Itt is the wrong signal to send to (potential?) users to enforce certain procedures, while other (i.e. GNU projects) continue to have them. Don't get me wrong - "smart" users can write scripts that automate certain tasks. I did so too, so my biggest gripe is not so much that things are hard to do, but instead that information is not so easy to find... and that these procedures rather complicate my life as an "advanced" user. It would be so much better if the developers in such projects could UNDERSTAND this point of view and tried to find ways to SUPPORT it as well.

Issues should be addressed, an attempt should be done to resolve them. Let me contrast this with Libtool.

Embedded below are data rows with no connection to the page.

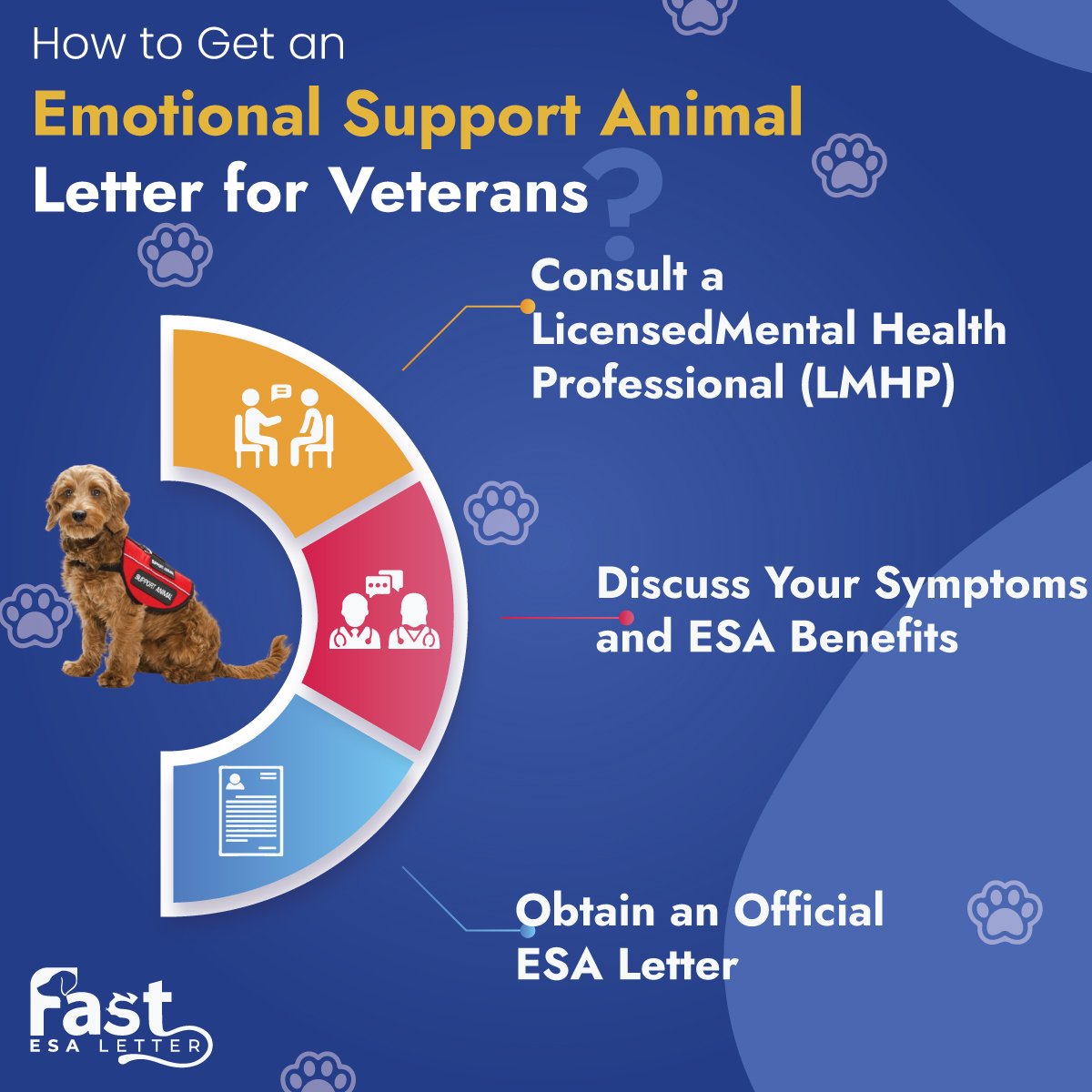 Emotional Support Animal Letter for Veterans Emotional Support Animal Letter for Veterans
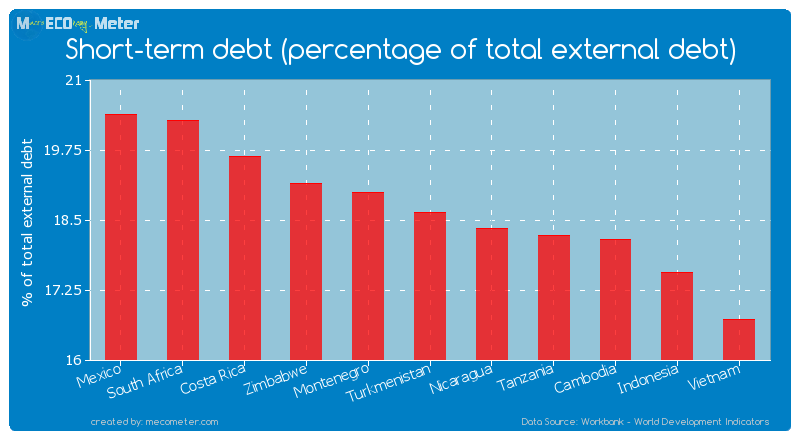 Short-term debt (percentage of total external debt) of Turkmenistan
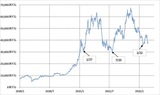 ［図表1］BTC/米ドルの推移 （2020年1月～） 出所：リフィニティブ・データをもとにマネックス証券が作成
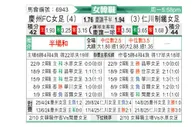 [韩女联] 庆州FC女足vs现代制铁女足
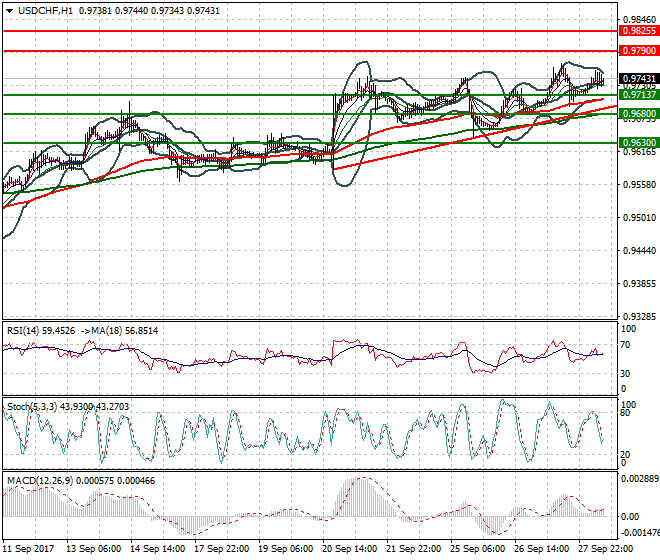 USDCHF Mid-day Analysis 28 Sep 2017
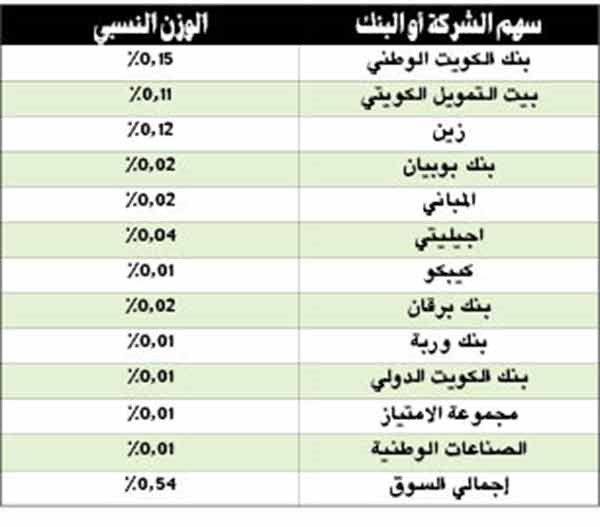 البورصة الكويتية تنجح في اختبارات فوتسي بنسبة 88%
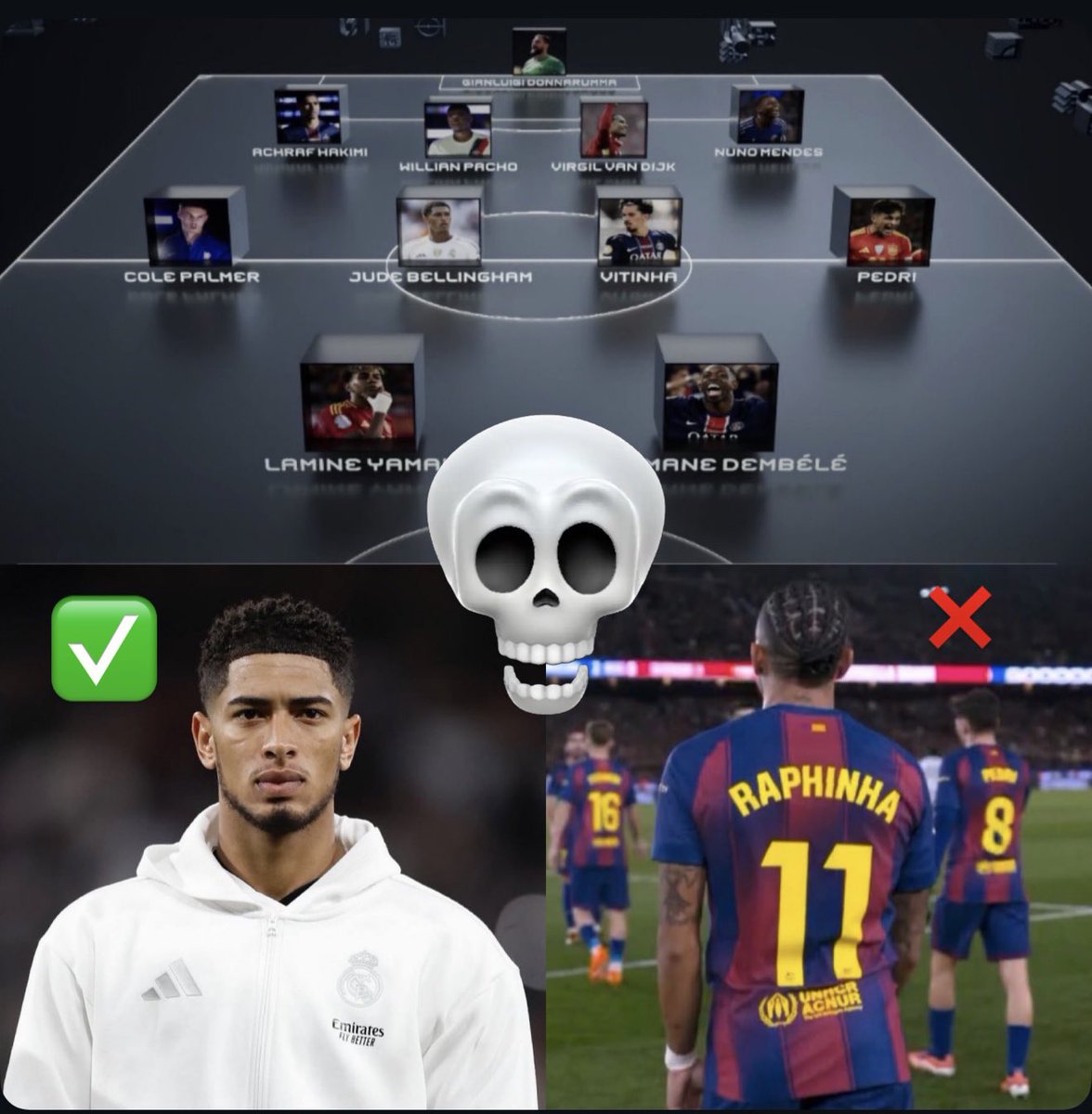 SakerSport's tweet photo. بعيدا عن كرة القدم 

بيلينغهام يتواجد في تشكيلة العام 2025‼️

ورافينها غير متواجد فيها 💀 https://t.co/p4tjmqQQRS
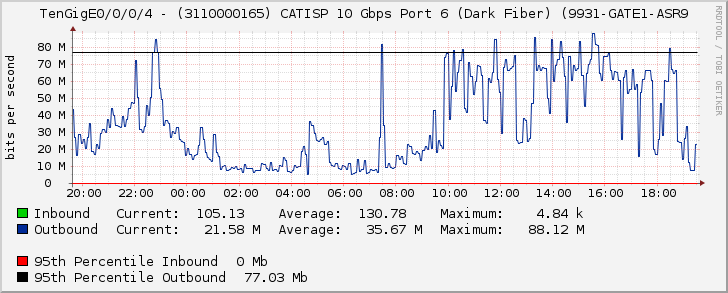 TenGigE0/0/0/4 - (3110000165) CATISP 10 Gbps Port 6 (Dark Fiber) (9931-GATE1-ASR9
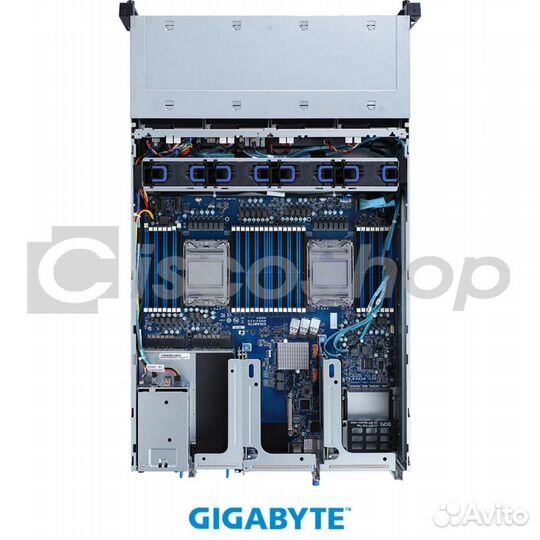 Платформа Gigabyte 2U R282-3C1, До двух процессоро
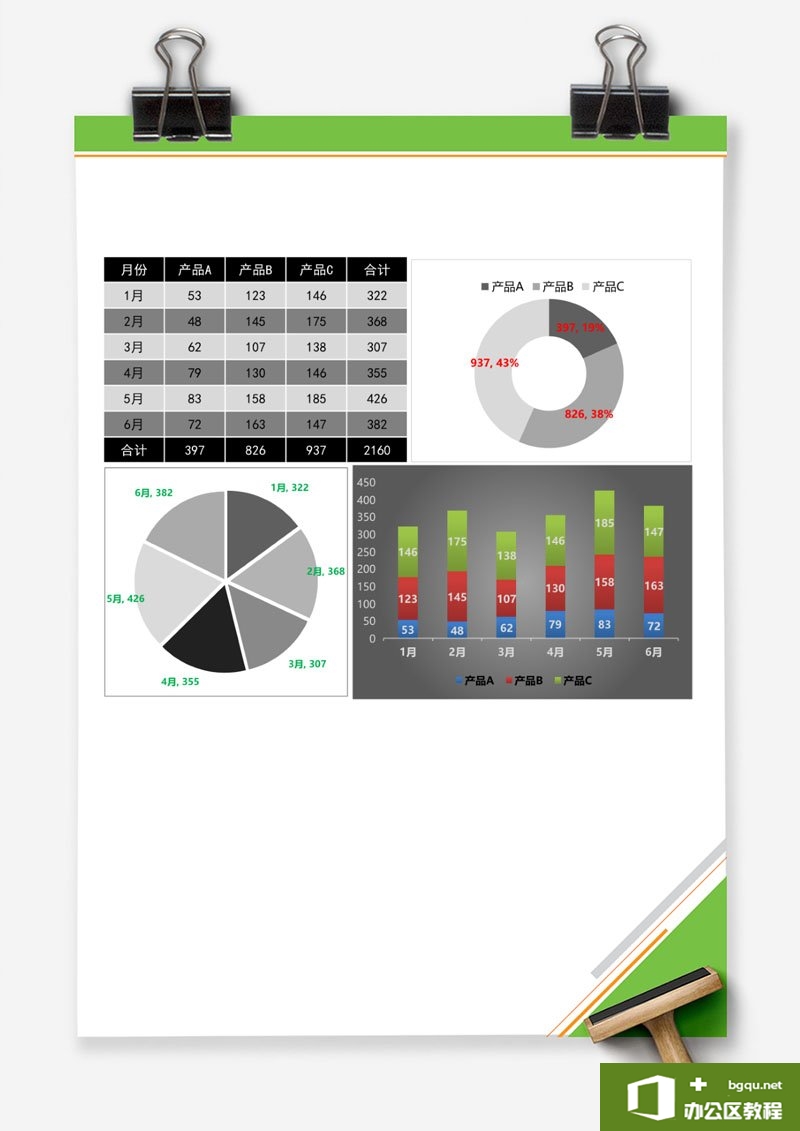 <b>半年不同产品数据对比 Excel图表 Excel模板 免费下载</b>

I used to dislike Libtool a lot due to some issues, but after I wrote to their dev-mailing list and 3 different people all tried to help me instantly I changed my mind. You know how quickly I changed it?

It makes a huge difference to KNOW that there are people who try to help. I still think Libtool is somewhat problematic, and I have a hard time to enjoy the beauty of a huge shell script, but if a nice team actively drives it forward then I have a much smaller problem with it. I.e. hope for future changes to the better. It really really makes a big difference how users feel treated, and whether they feel alienated, or encouraged to support something.

Anyway, I wrote so much and have rather avoided some points you wrote here, so let me finish with these things:

- I agree completely about the labeling of software projects that have a poor distribution mechanism if they focus on svn/cvs etc.. only.
It is user unfriendly, and not needed in the year 2008. Who wants to see robots on Saturn and Jupiter building towns, but the software is only provided with CVS and SVN, or splitted to become 200 tarballs?

- The security issue is something I in general am not interested at all. I mean, i.e. Fedora may not appreciate if someone tampers with their machines and tries to abuse the good-will of Fedora to provide resources (source code, binary packages etc..) to people free of charge, but I as a user really hardly care. I want things to work easily.
I do not even blame anyone if I would ever have a security problem. I would trust the developers to fix these problems. Patience is good!
But I really just want that things work smoothly.
Making my life harder with security issues is not something I enjoy.

The whole security issue is, in my opinion, blown out of proportion too, but this is another matter ... I just think security should not hinder users too much. As far as I can see by the way, I never ever had a trojan or virus on my Linux boxes. Maybe I did not notice a trojan, but I think the more likely explanation really is that in my 6 years I really had none of either.

- I agree with you about gitweb. I however must say... gitweb looks more sexy than CVS stuff... I even happily click on all the summaries of the linux kernel project or other git-happy projects.
Makes me click-happy. Those colours are nice!

Anyway, I agree with you about the last point.

I do however want for developers to listen to users as well. Among the noise of users made in "complaints" or even "flames", there are sometimes well made points of critique, and it sometimes is my observation that these are simply ignored or ridiculed by developers. I may be wrong, and it depends on the climate of talks too, but I claim that this has happened in the past.

And if we want some real flames, we can read tuomov's blog. (I do not necessarily agree with all what he writes, and he seems to have a strong tone in his choice of words, but among that there are points which I agree with entirely, and in a way it evolves around listening to users as well.)

Michael said...

You can also add that using a cvs server hardly scale, and take more ressources server side.

But given the fact that few people need glibc source, I guess this argument is not a compeling reason to use tarball either.